In [None]:
from sklearn.model_selection import train_test_split, StratifiedShuffleSplit
import numpy as np
import pandas as pd
import matplotlib.pyplot as plt

## Getting the data

In [None]:
housing = pd.read_csv("/home/jupyter/hands-on-ml/data/housing.csv")

In [None]:
housing["income_cat"] = pd.cut(housing["median_income"],
                               bins=[0., 1.5,3.0, 4.5, 6., np.inf],
                               labels=[1,2,3,4,5])

In [None]:
split = StratifiedShuffleSplit(n_splits=1, test_size=0.2, random_state=42)
for train_index, test_index in split.split(housing, housing["income_cat"]):
    strat_train_data = housing.loc[train_index]
    strat_test_data = housing.loc[test_index]

In [None]:
for set_ in (strat_train_data, strat_test_data):
    set_.drop("income_cat", axis=1, inplace=True)

## Visualizing Geographical Data

In [None]:
# We should avoid seeing test data. So, make a copy of the training dataset
housing = strat_train_data.copy()

In the following plot we will be able to see the high-density areas.

In [None]:
housing.plot(kind='scatter', x='longitude', y='latitude', alpha=0.1)

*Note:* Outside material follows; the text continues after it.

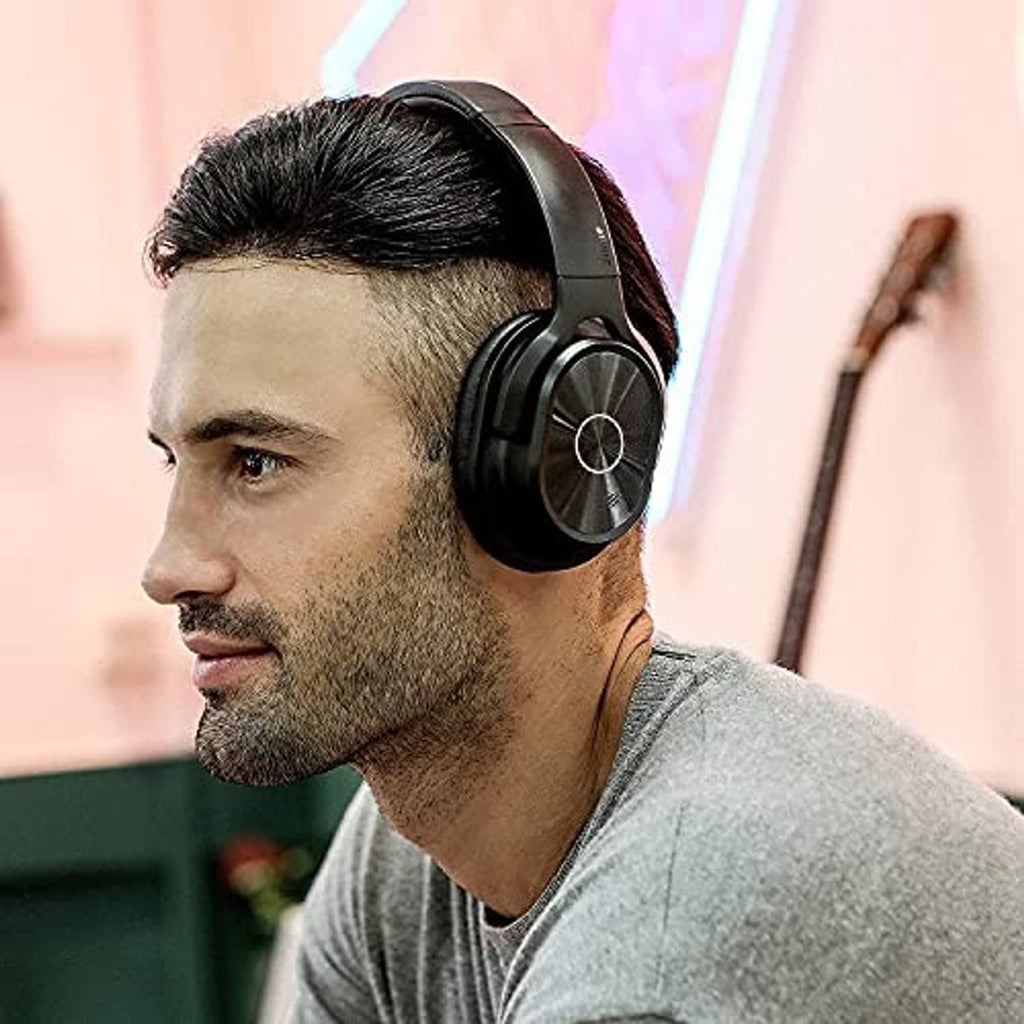 Black over-ear headphones worn over one ear with cushioned earcups
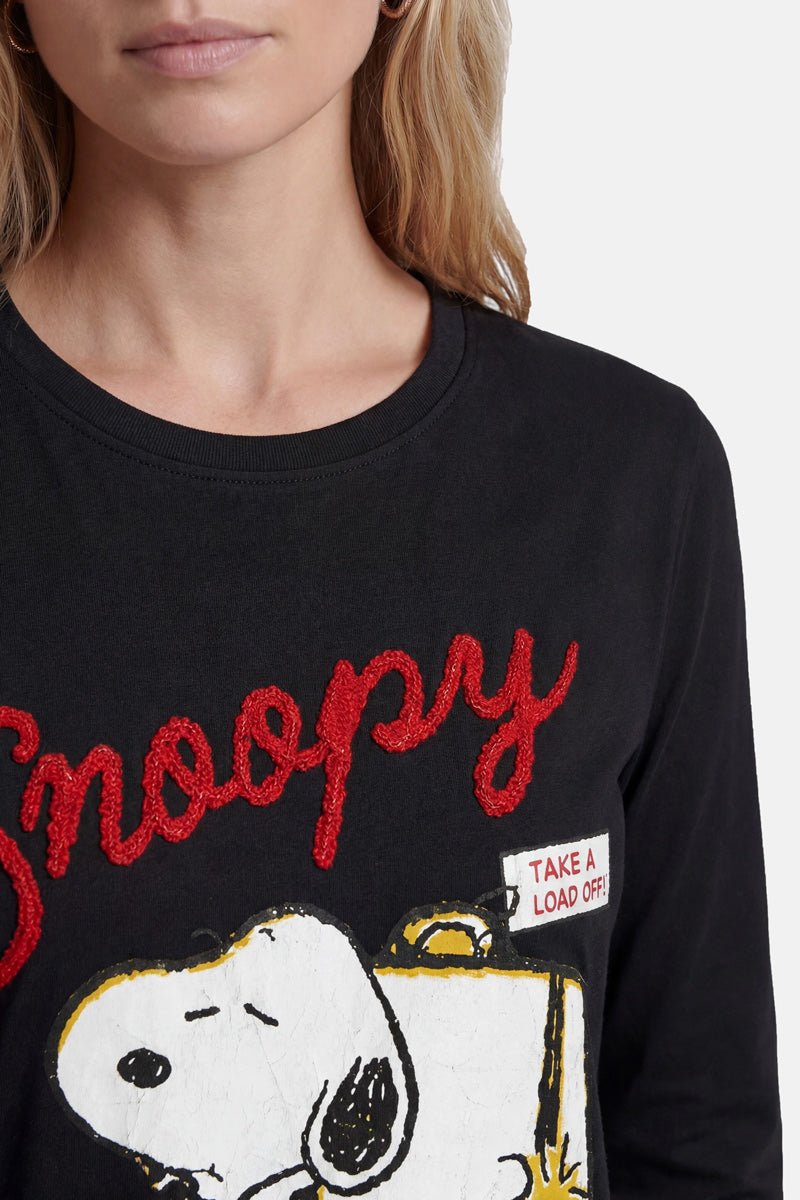 Eine Frau mit heller Haut und langen blonden Haaren trägt ein schwarzes „Princess Goes Hollywood Limited Edition“-Snoopy-Shirt aus Baumwolle mit rotem, strukturiertem „Snoopy“-Schriftzug, einer großen Grafik, auf der Snoopy schläft, und einem weißen Aufnäher mit der auffälligen roten Aufschrift „TAKE A LOAD OFF!“.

Let's look at housing price. The radius of each circle represents the distric's population(option s) and the color represents the price (option c). We will use a predefined color map (option cmap) called jet, which ranges from blue (low values) to red (high prices).

In [None]:
housing.plot(kind='scatter',
             x='longitude',
             y='latitude',
             alpha=0.4,
             s=housing['population']/100,
             label='population',
             figsize = (10,7),
             c='median_house_value',
             cmap=plt.get_cmap('jet'),
             colorbar=True)
plt.legend()